Work order: This exercise asks for a copy of each line in the records below with the word "ドラゴンボール" in it.

Source data:
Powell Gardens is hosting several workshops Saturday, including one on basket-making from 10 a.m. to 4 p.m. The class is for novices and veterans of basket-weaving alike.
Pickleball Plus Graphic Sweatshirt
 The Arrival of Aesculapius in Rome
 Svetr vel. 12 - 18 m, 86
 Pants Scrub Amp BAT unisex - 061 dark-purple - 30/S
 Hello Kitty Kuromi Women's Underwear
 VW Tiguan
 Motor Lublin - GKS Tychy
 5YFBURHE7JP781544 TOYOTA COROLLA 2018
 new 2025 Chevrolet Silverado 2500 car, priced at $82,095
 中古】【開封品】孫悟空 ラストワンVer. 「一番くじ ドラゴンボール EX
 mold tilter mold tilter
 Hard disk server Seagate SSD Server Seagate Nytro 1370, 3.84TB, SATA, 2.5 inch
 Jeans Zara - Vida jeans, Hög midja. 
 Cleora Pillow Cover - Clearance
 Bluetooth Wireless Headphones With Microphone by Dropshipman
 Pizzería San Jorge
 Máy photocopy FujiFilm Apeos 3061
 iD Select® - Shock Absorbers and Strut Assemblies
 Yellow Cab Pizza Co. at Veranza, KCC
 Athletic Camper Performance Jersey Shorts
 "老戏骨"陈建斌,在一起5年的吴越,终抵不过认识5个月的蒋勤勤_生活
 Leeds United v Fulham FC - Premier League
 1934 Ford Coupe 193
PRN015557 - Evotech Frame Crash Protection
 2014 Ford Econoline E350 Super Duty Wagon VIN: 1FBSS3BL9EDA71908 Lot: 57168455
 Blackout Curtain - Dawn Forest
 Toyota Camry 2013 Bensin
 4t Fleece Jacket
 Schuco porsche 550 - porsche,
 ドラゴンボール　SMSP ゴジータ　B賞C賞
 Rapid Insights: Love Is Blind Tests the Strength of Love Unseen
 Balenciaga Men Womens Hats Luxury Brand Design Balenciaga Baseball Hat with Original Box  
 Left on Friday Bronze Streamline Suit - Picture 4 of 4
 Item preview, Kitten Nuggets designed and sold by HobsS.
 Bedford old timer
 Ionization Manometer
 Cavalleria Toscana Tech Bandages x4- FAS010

Solution:
 中古】【開封品】孫悟空 ラストワンVer. 「一番くじ ドラゴンボール EX
 ドラゴンボール　SMSP ゴジータ　B賞C賞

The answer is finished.